What does the future for children growing up look like? Is it possible to have both an environment that is nourishing and also sustainable for the planet? Last week, A future for the world’s children? A WHO–UNICEF–Lancet Commission was published in the Lancet. It explores environments conducive to childhood flourishing in 180 countries of the world. Children’s rights were broadly grouped as:
- The right to be educated
- The right to be heard
- The right to be healthy
- The right to be protected
- The right to be treated fairly
How did the UK rank?
The UK ranked 10 out of 180 for providing an environment where children are able to flourish. Not too bad on first glance. However, the outlook is bleak when looking at sustainability and the environment. It seems as though countries are forced to choose between an environment ripe for children to flourish and an environment that flourishes.

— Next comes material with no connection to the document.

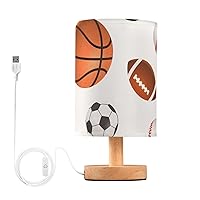 senya Sports Ball Print Bedside Table Lamp with USB Port Nightstand Lamp Night Light Linen Fabric Shade with Wood Base for Bedroom Living Room Desk Dorm Office Dorm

Let’s explore this a bit further.
We took data from the Lancet article and mapped some key variables against each other to get a better overall picture of the report’s findings. Three elements of the data were used: the childhood flourishing index, CO2 emissions per capita and performance in comparison to the 2030 CO2 targets for the 180 countries included in the report. These were then visualised into a long infographic below. There are interesting patterns for the top 10 and bottom 10 performing countries.
Important note: Of course we acknowledge that correlation does not necessarily equate to causation.

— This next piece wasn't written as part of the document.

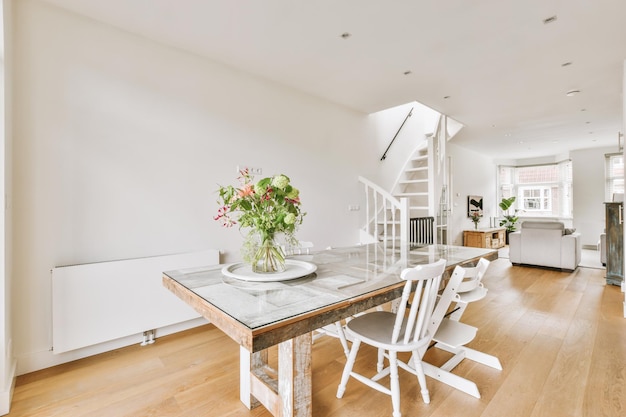 Empty chairs and table at home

- Children are most likely to flourish in higher income countries.
- Higher income countries are often some of the biggest polluters.

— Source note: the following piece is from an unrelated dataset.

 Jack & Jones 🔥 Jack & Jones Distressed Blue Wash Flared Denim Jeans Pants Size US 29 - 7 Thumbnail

- Higher income countries are generally not the ones meeting the 2030 C02 emissions targets.
- None of the top 10 countries of the childhood flourishing index are currently meeting the 2030 CO2 targets. All 10 of the bottom countries currently do.
- It looks like no country is currently is achieving the best of both worlds: an environment for children to flourish in and sustainability for our planet.
Clearly, there is work to be done to tackle this apparent inverse relationship between our children’s future and sustainability for out planet.
Surely in the long-term they are one and the same?